• [WORK TO COMPLETE]
Please, from the entries below, transcribe exactly the lines that begin at the line with "Manteau ROCHAS bleu marine" and end at the line with "Vetiq Healthy Treats", without the pictures.

• [SUPPLIED DATA]
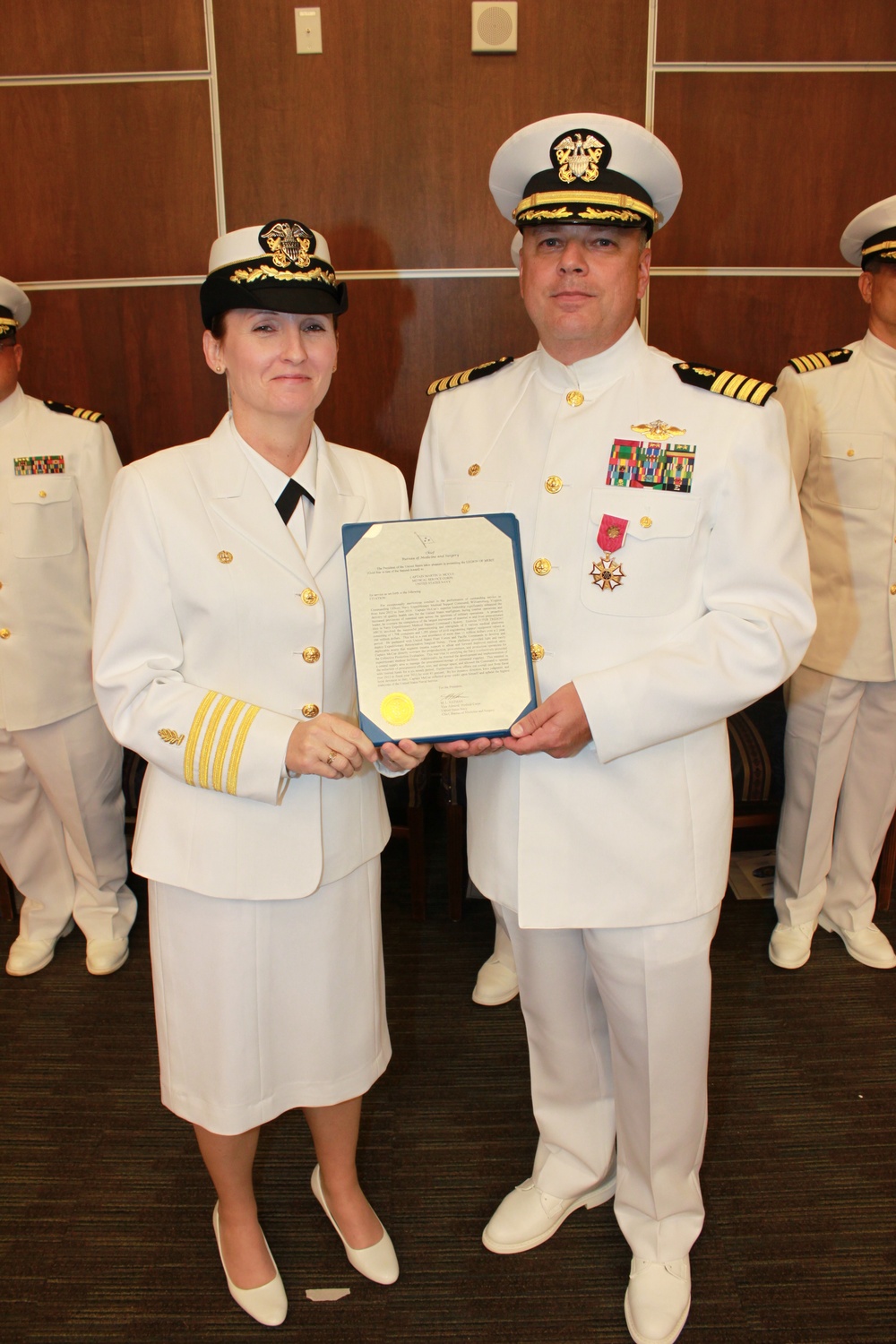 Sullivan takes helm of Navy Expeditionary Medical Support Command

...

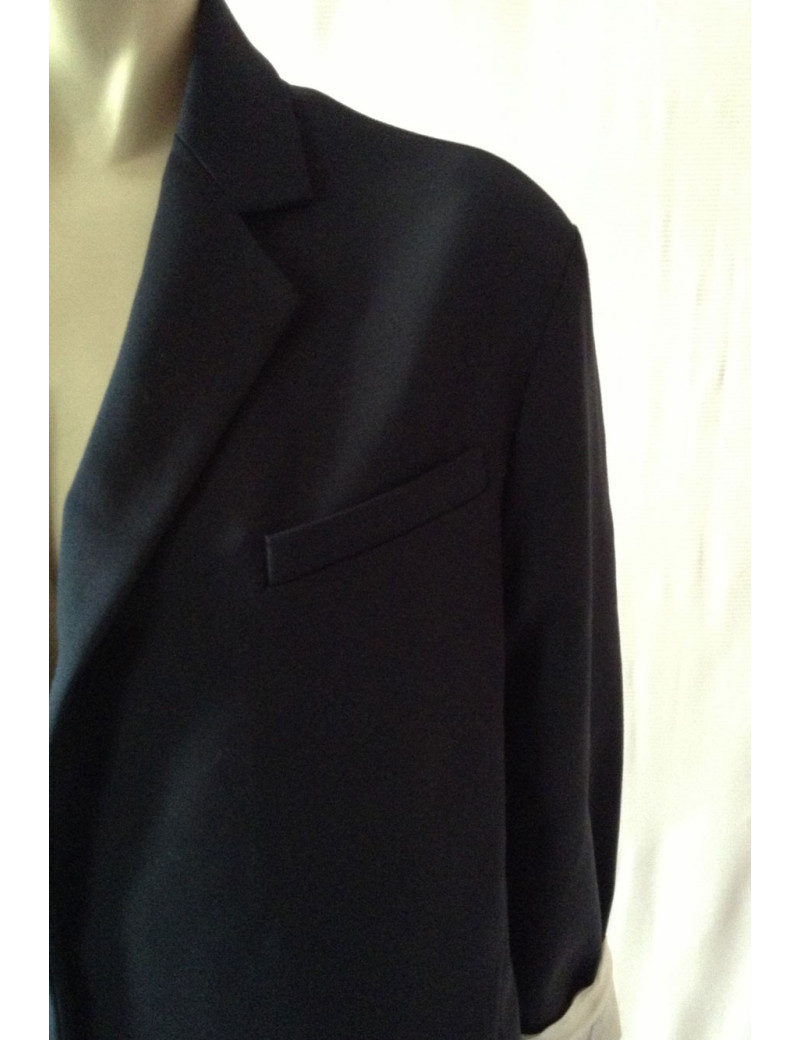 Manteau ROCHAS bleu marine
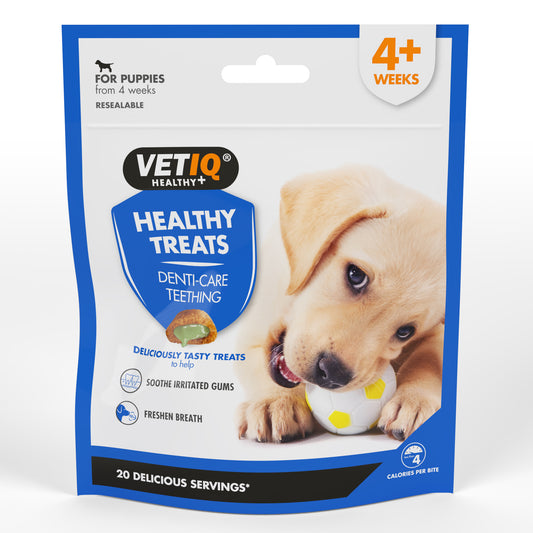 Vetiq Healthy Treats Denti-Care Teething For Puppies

• [EXPECTED OUTPUT]
 Manteau ROCHAS bleu marine
 Vetiq Healthy Treats Denti-Care Teething For Puppies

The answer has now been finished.